The 26-year-old Chinese entrepreneur had just pulled his new Mercedes to the curb on Brighton Avenue to answer a text when an old sedan swerved behind him, slamming to a stop. A man in dark clothes got out and approached the passenger window. It was nearly 11 p.m. last Thursday.

The man rapped on the glass, speaking quickly. Danny, unable to hear him, lowered the window — and the man reached an arm through, unlocked the door, and climbed in, brandishing a silver handgun.

“Don’t be stupid,” he told Danny. He asked if he had followed the news about the previous Monday’s Boston Marathon bombings. Danny had, down to the release of the grainy photos of suspects less than six hours earlier.

“I did that,” said the man, who would later be identified as Tamerlan Tsarnaev. “And I just killed a policeman in Cambridge.”He ordered Danny to drive — right on Fordham Road, right again on Commonwealth Avenue — the beginning of an achingly slow odyssey last Thursday night and Friday morning in which Danny felt the possibility of death pressing on him like a vise.

In an exclusive interview with the Globe, Danny — the victim of the Tsarnaev brothers’ much-discussed but previously little-understood carjacking — filled in some of the last missing pieces in the timeline between the murder of MIT police officer Sean Collier, just before 10:30 p.m. on April 18, and the Watertown shoot-out that ended just before 1 a.m. Danny asked that he be identified only by his American nickname.

The story of that night unfolds like a Tarantino movie, bursts of harrowing action laced with dark humor and dialogue absurd for its ordinariness, reminders of just how young the men in the car were. Girls, credit limits for students, the marvels of the Mercedes-Benz ML 350 and the iPhone­ 5, whether anyone still listens to CDs — all were discussed by the two 26-year-olds and the 19-year-old driving around on a Thursday night.

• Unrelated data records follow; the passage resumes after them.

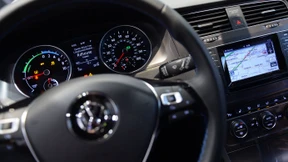 Volkswagen wächst auch in Amerika - langsam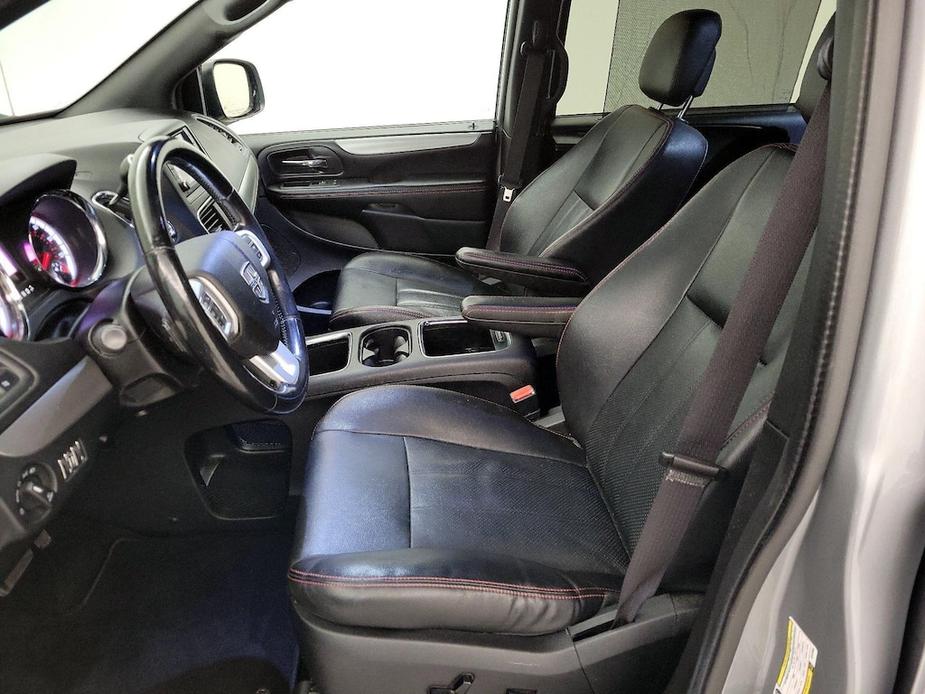 used 2019 Dodge Grand Caravan car, priced at $18,998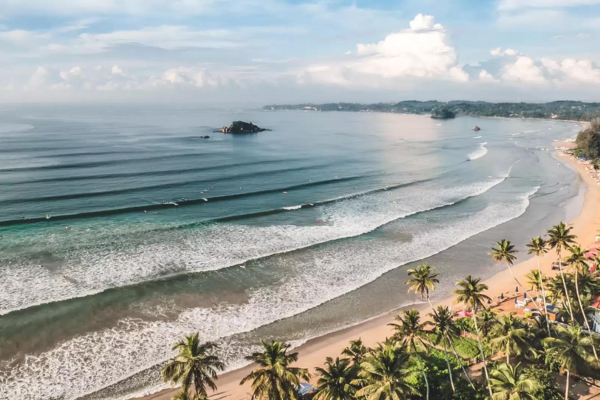 Views Lanka Tours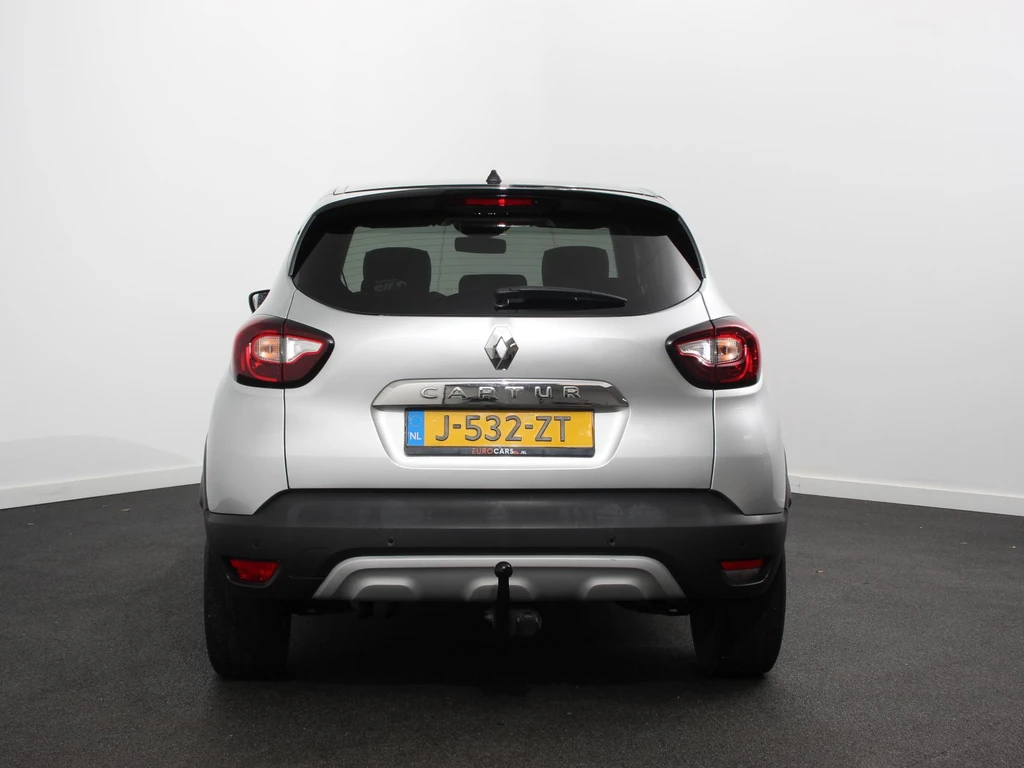 Renault Captur – foto 3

Danny described 90 harrowing minutes, first with the younger brother following in a second car, then with both brothers in the Mercedes, where they openly discussed driving to New York, though Danny could not make out if they were planning another attack. Throughout the ordeal, he did as they asked while silently analyzing every threatened command, every overheard snatch of dialogue for clues about where and when they might kill him.

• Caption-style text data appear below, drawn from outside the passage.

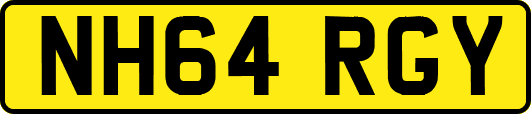 NH64RGY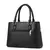Imagem do 2 pc/set moda feminina bolsas casuais, bolsas de luxo, bolsas de ombro designer,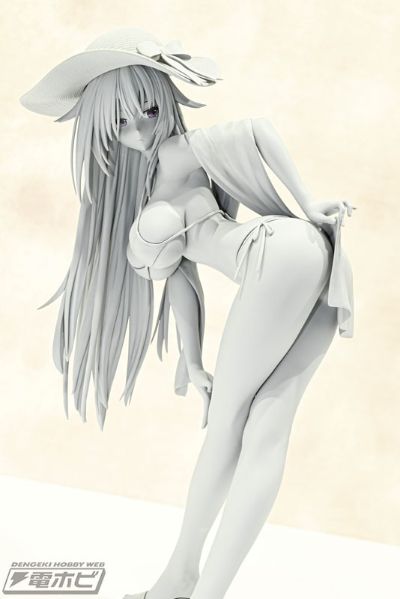 B-style  碧蓝航线 鹂（千岁）夏阳璀璨之日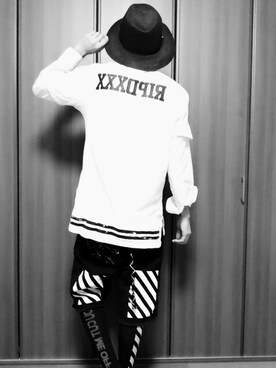 624さんのコーディネート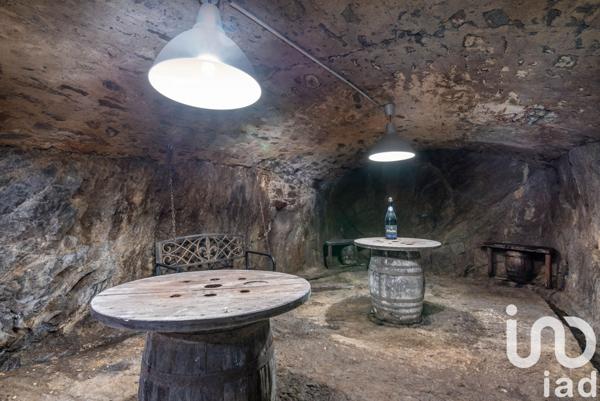 Maison à vendre 6 pièces 180 m² Genilac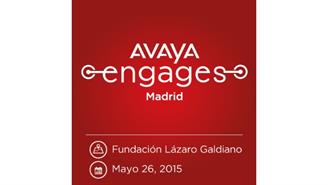 avaya engages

“Death is so close to me,” Danny recalled thinking. His life had until that moment seemed ascendant, from a province in Central China to graduate school at Northeastern University to a Kendall Square start-up.

“I don’t want to die,” he thought. “I have a lot of dreams that haven’t come true yet.”

After a zigzagging trek through Brighton, Watertown, and back to Cambridge, Danny would seize his chance for escape at the Shell Station on Memorial Drive, his break turning on two words — “cash only” — that had rarely seemed so welcome.